One investigator who came to church is our investigator Nympha.  She is 16 years old and is preparing for baptism in January.  She is really good friends with another young woman Roella, who was a less active in our branch, but has since returned.  Roella, who only recently started coming back to church, brought her friend with her!  Roella and Nympha are both so sweet and both have strong testimonies.  Nympha enjoyed church and even mentioned to Roella that she might want to serve a mission when she's older.  It made me so happy!  I am so blessed to be sharing this wonderful gift of the gospel.  These girls, Roella and Nympha, both understand that gift and have a desire to share it.  It is amazing to see.  It brought tears to my eyes to think that I had a little part in shaping their desire to serve and to bring people unto Christ.  That's all I want, and the only reason I am here.  To bring them to Him.  I am just the messenger, the delivery girl (like my job at UPS last year!  Haha!).  I deliver the message, deliver the gift, but I am not the gift.  HE is the gift.  Jesus Christ is the best gift on earth.  At Christmas time, at good times, and especially at bad times.  He is the gift for all of us.  If I can give that gift to others and inspire them to continue to share it, to keep the missionary work going, I'd be the happiest "delivery girl" in the world.  As members of the church we have a responsibility to share this amazing, perfect gift with the world.  If we don't share it, who will?  We must share this happiness we have with others.  We must give!  I am blessed to be a full time "giver" of the gospel to these amazing people in this beautiful, crazy place. 
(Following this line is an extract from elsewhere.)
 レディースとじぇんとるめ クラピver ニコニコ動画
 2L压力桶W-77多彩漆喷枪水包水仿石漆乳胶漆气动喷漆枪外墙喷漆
I love you all so so much!  I think and pray for you every day. It's a perfect time of the year to talk about Christ!  Maligayang Pasko!  Mahal kita!  Kayo'y maganda! 

xo Sister Anna Ray Allen




Monday, December 7, 2015

I love you all so so so much and emailing is one of my favorite things each week.  I am doing well!  I feel like I am getting better in the language and I am improving on being a missionary each day.  It's hard work, but I am starting to realize that choosing to serve a mission is one of the best decisions I will ever make.  I want to give my all!  I want to have no regrets! 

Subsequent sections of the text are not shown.